Here's a recipe for building a successful restaurant: Take equal parts of determination, motivation, sacrifice, opportunity and passion. Mix in a business plan and add a dash of research. Cut in more cash and time than you think you'll need. Season liberally with marketing, salesmanship and a large dollop of diplomacy. Let it simmer while you add your own unique flavors to make it truly a success and stir it constantly so it doesn't boil over.
Simply put, the restaurant business is about more than food.
"You're selling a service, selling a social situation, selling yourself and your staff," said Dennis "Doc" Cain, owner of Port Cape Girardeau for the past 17 years. "A lot of different elements have to come together. I truly enjoy entertaining people who are in our restaurant. They're here because they want to have a good time."
It's also about ambiance. Andy Baranovic who owns the Sidewalk Sandwich Co. restaurant encourages local artists to hang their works in his restaurant. Frequently musicians entertain in the early evening. Customers might be drawn in by the atmosphere, but they return for the food.
"It takes a lot of research," Baranovic said. "What kind of food to serve, how to present it, location, how many people are driving by, and do you have a product people crave."
One of the challenges of running a restaurant is maintaining quality, Cain said.
"We set out to do the same thing every day of the week, and I must tell you every day is different," he said. "It adds to the overall stress level to get the job done right.
"You have to want to be in this industry," he said.
Baranovic agrees.
"Make sure you really, really, really want to do it," he said. "Think about how much of a burning desire you have to make something succeed, no matter what it takes."

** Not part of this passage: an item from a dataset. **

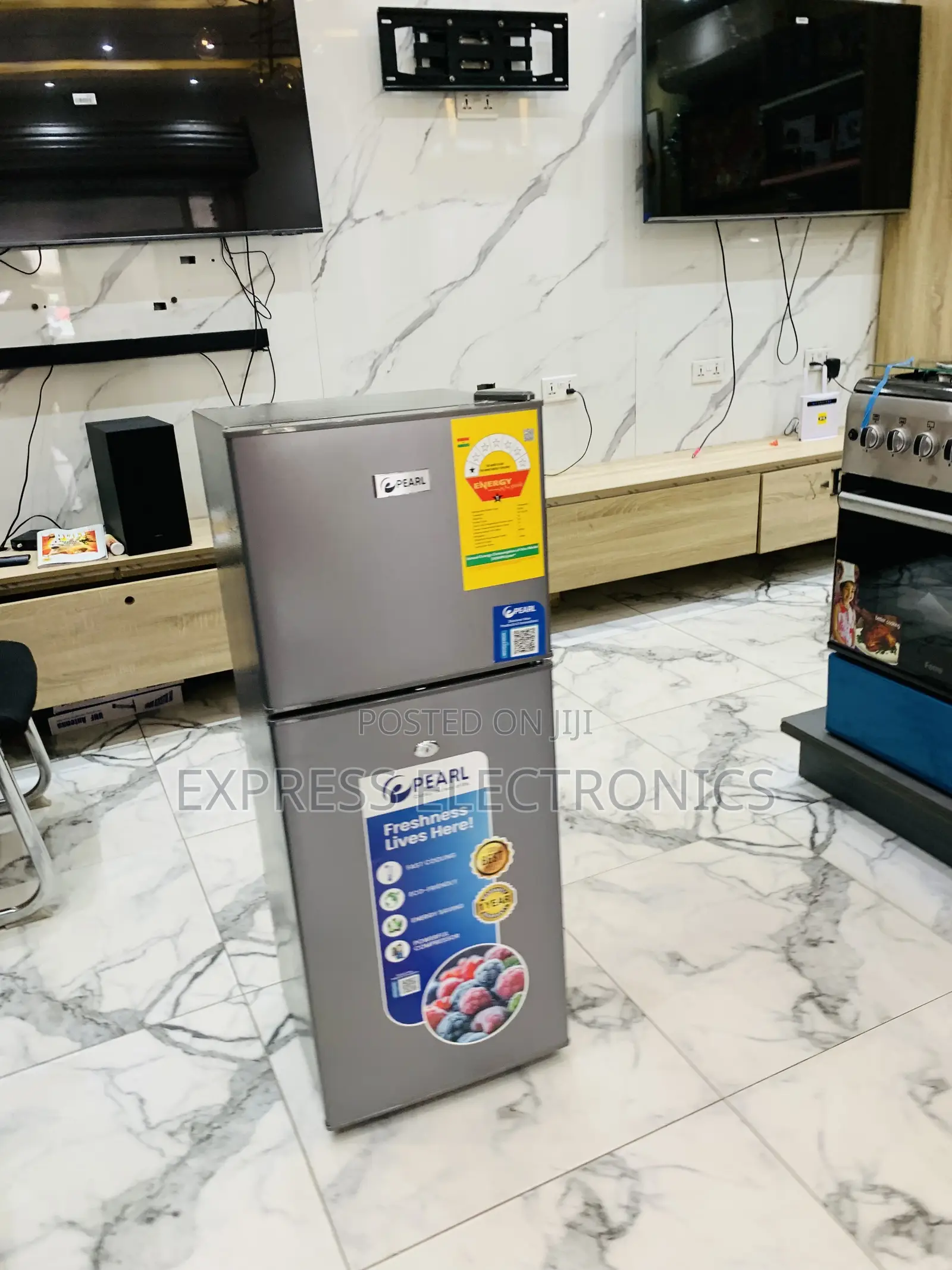 Grab Your Pearl PF-216TBG-5E 136L Double-Door Top-Freezer Refrigerator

Restaurants are notorious for being difficult businesses. They require licenses and inspections that other businesses don't require. Customers can be fickle.
"It's not an easy business," Cain said, adding that it's no more difficult to start a restaurant than any other new endeavor. "There are a lot of things certainly worse than being in the restaurant business and being your own boss."

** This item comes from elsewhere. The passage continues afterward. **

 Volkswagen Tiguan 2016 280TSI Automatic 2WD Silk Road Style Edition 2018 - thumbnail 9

Baranovic said he found out the hard way that running a restaurant can mean spending long hours there and tending to unexpected problems. Sidewalk Sandwich Co. is the first restaurant he has owned, although he has cooked and served in other restaurants. He says he learns something new everyday.
While he picked up information on the Internet, and in a book titled "Small Business for Dummies," most of his learning came on the job. He has had to learn about tax laws and what to do when an employee calls in sick.

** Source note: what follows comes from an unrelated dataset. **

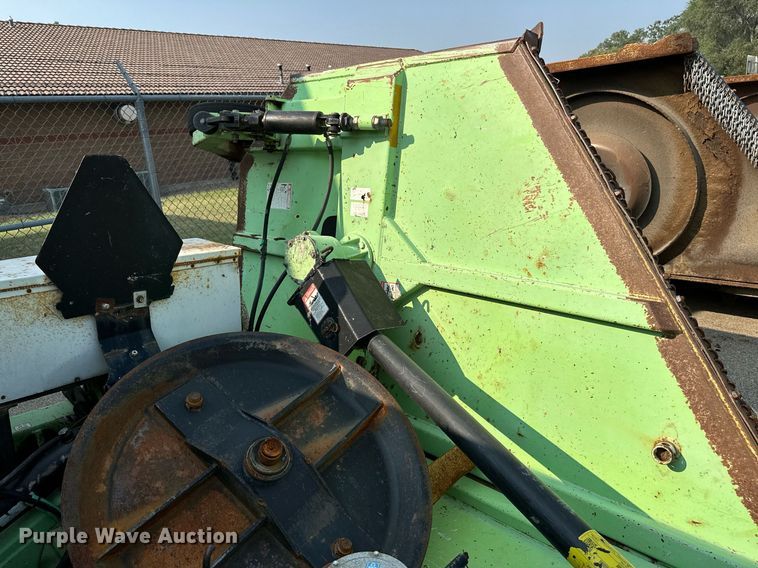 image for item NF9176 2006 Schulte XH1500  batwing rotary mower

"The hardest thing was I didn't know what to expect the first year -- how much food to buy, what if I run out, or do I throw food away."
He was unprepared for dealing with bureaucracy when he was getting the building ready to open, he said.
"Meeting the building requirements was the hardest thing," he said. "I would never et the same inspector twice. The new inspector would find something that would need to be done. It was a constant struggle to appease everybody."
Cain and Baranovic stay in the restaurant business because it's where they want to be. Anyone contemplating opening a business would be well advised to develop a business plan and stick to it, Cain said. Baranovic says he makes sure he doesn't get burned out by building in vacation time twice a year.
It takes dedication, passion, and it takes someone to come in and make all your work worthwhile.
"You have to remember the customer pays the bills," said Cain.